■ EXERCISE OBJECTIVE
The entries below must be transcribed exactly. Leave nothing out.

(MATERIAL FOR THIS TASK)

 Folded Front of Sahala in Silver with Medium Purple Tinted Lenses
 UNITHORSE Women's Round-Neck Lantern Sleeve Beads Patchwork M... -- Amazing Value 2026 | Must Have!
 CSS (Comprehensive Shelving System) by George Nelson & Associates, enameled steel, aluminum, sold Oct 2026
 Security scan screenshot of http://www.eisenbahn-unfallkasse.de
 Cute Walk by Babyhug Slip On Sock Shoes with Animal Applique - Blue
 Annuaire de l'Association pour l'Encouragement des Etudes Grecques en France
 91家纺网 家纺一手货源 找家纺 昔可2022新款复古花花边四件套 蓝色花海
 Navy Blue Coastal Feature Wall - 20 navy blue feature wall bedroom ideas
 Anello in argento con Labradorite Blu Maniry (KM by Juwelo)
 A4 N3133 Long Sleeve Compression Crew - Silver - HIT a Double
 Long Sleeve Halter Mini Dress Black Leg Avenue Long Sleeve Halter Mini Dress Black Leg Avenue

(End MATERIAL FOR THIS TASK)

■ OUTPUT FOR THIS EXERCISE
 Folded Front of Sahala in Silver with Medium Purple Tinted Lenses
 UNITHORSE Women's Round-Neck Lantern Sleeve Beads Patchwork M... -- Amazing Value 2026 | Must Have!
 CSS (Comprehensive Shelving System) by George Nelson & Associates, enameled steel, aluminum, sold Oct 2026
 Security scan screenshot of http://www.eisenbahn-unfallkasse.de
 Cute Walk by Babyhug Slip On Sock Shoes with Animal Applique - Blue
 Annuaire de l'Association pour l'Encouragement des Etudes Grecques en France
 91家纺网 家纺一手货源 找家纺 昔可2022新款复古花花边四件套 蓝色花海
 Navy Blue Coastal Feature Wall - 20 navy blue feature wall bedroom ideas
 Anello in argento con Labradorite Blu Maniry (KM by Juwelo)
 A4 N3133 Long Sleeve Compression Crew - Silver - HIT a Double
 Long Sleeve Halter Mini Dress Black Leg Avenue Long Sleeve Halter Mini Dress Black Leg Avenue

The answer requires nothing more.